May 2, 2013

Moby Dick

Filed under: theater — Frederick Noble @ 7:47 pm Share RSS

So yeah, that last post, more than a month ago? April Fools. I know I’ve burned enough of you badly enough that you’ll probably never fall for another one again but I’ll keep trying, at least until I finally kill Degenerate Press for real. Heck, we’re barely in existence now. Once a month?!? I used to send out emails twice a week! Sheesh. You’d think I’d been working 14 hour days at my real job, then working on a novel and a couple of card games in what little spare time I had. Oh, and camping, and hosting the in-laws, and… and… and…


This week things have calmed down to their normal level of insanity so here’s your random show that gets a review – Moby Dick, put together by Saiah, based at the Goat Farm, and playing through the weekend over at Lifecycle, the building materials recycling place on the west side.

Moby DickI’d heard good things from the various media outlets and had imagined what could be done with this production in my head, so I went in with high expectations. Before the show, we got to peruse the story boards and other materials the artist and director had used in putting together the show, further building my anticipation.

Moby Dick costumes

However, I was glad we thought to BYOB. As this wasn’t a proper, traditional venue, they didn’t have a proper, traditional refreshment stand. Soon we were led by lanternlight into the neighboring building and the show began.

During the first few acts, I was already mentally composing rave review as we followed the show from scene to scene in the 100-year-old warehouse as Ishmael functioned as both narrator and character, providing an almost haunted-house-like experience.

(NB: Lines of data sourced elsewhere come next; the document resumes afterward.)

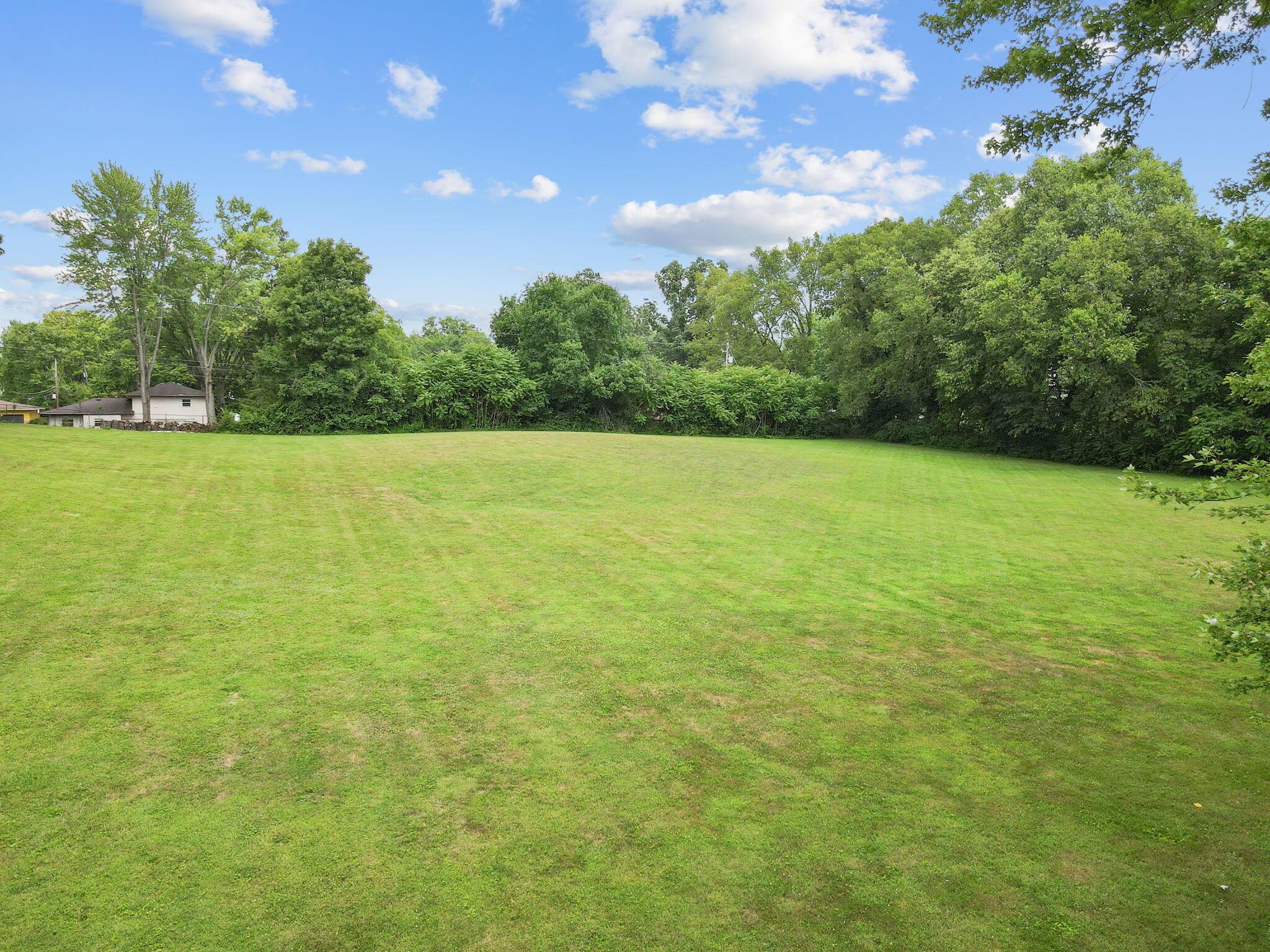 219 N Hamilton Road Property Photo 15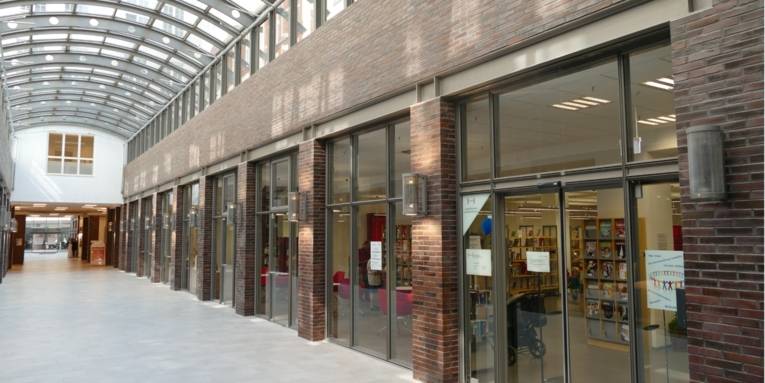 Jugendbibliothek und Stadtbibliothek List -  Eingangsbereich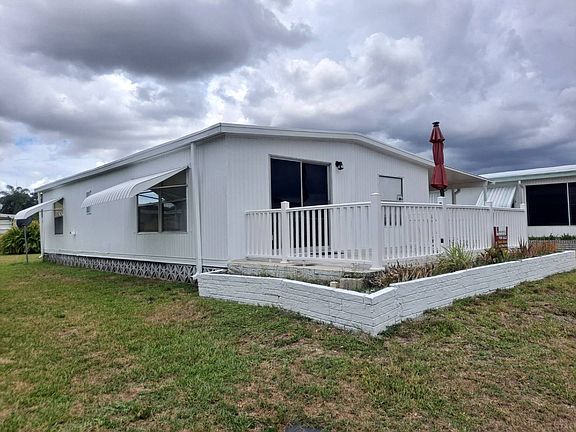 5th image of 2210 N Tamiami Trl #278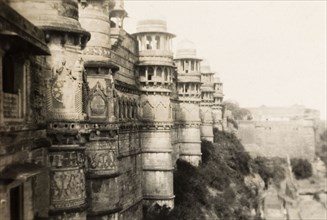The outer wall of Gwalior Fort. View of the intricately carved outer wall belonging to the 15th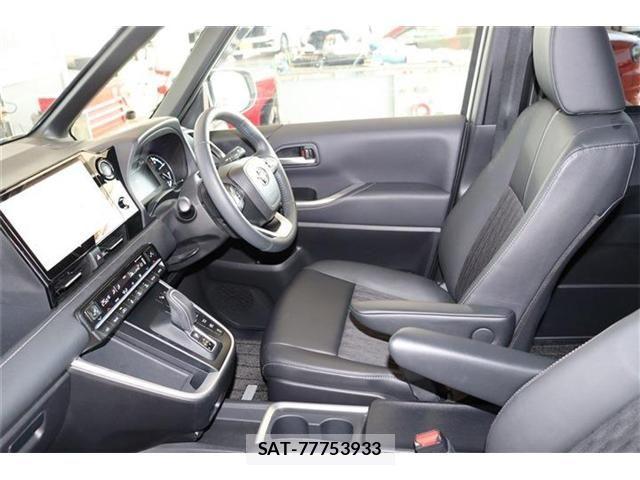 Toyota NOAH HYBRID 2023-12 1203227-1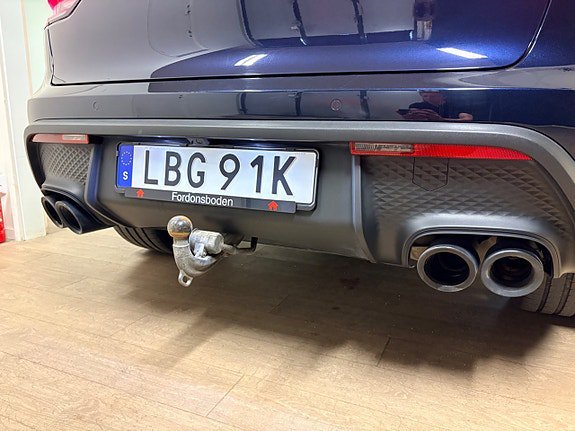 Vehicle Image 28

Moby DickAs She Who Shall Not Be Named wrote on my facebook page, the setting was the star of the show: metal beams, creaking doors, rotting wood and miles of rope, all in a cavernous space that resembled the interior of a capsized ship.

Moby Dick

However, the space became a problem as the production settled in for the last 3/4 of the show. The actors were often just a little too far away and the room swallowed their voices before they could reach us. Added to the gravelly delivery, I only understood a small portion of the dialogue.

Moby Dick

The acting was good overall and the script, from what I could gather, was interesting. Having Moby Dick played by a woman in a billowy white costume was very interesting. (Before the show, I envisioned the audience as the whale and forcing them and the actors to occasionally circle each other. What’s a meta for anyhow?)

Moby Dick

Some nifty costumes and surreal choreography couldn’t save the show for me. Overall, I’d recommend it if you can go for cheap or free, but unless you’ve heard they’ve changed the setup so people can hear (unlikely this close to the end of the run), I don’t think it’s worth the $25.

It is one of the most interesting performance concepts I’ve seen anywhere and the group itself is young, so I look forward to seeing something else from them!